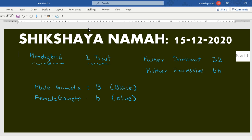Now, if fertilization occurs between them, the father's male gamete will fuse with the mother's female gamete. So the child will have which color eyes? Black. Black eye.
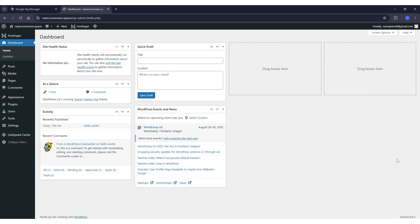Hey, what's up guys. Today in this video I will show you how you can set up Google Tag Manager on your WordPress website. Along with the setup, I will also show you how you can verify if the tags are set up properly or not. So without wasting any time, let's just start with the video.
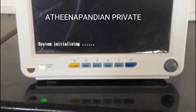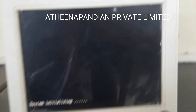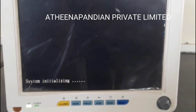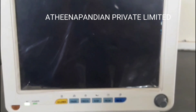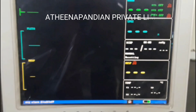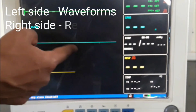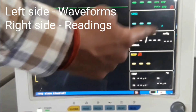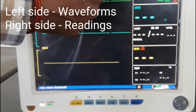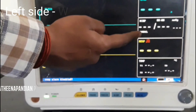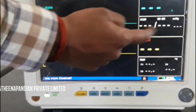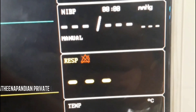Once powered on, you can see two different views on the monitor. The left side displays waveforms of all vital parameters — the ECG waveform, SpO2 waveform, and blood pressure waveform. The right side displays numerical values — temperature, blood pressure, and pulse rate. All numerical values are shown on the right side and all waveforms on the left side.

━━━━━━━━

#### [Assignment]
The data should be printed again unchanged; leave its pictures out.

#### [Exercise result]
Now, if fertilization occurs between them, the father's male gamete will fuse with the mother's female gamete. So the child will have which color eyes? Black. Black eye.
Hey, what's up guys. Today in this video I will show you how you can set up Google Tag Manager on your WordPress website. Along with the setup, I will also show you how you can verify if the tags are set up properly or not. So without wasting any time, let's just start with the video.
Once powered on, you can see two different views on the monitor. The left side displays waveforms of all vital parameters — the ECG waveform, SpO2 waveform, and blood pressure waveform. The right side displays numerical values — temperature, blood pressure, and pulse rate. All numerical values are shown on the right side and all waveforms on the left side.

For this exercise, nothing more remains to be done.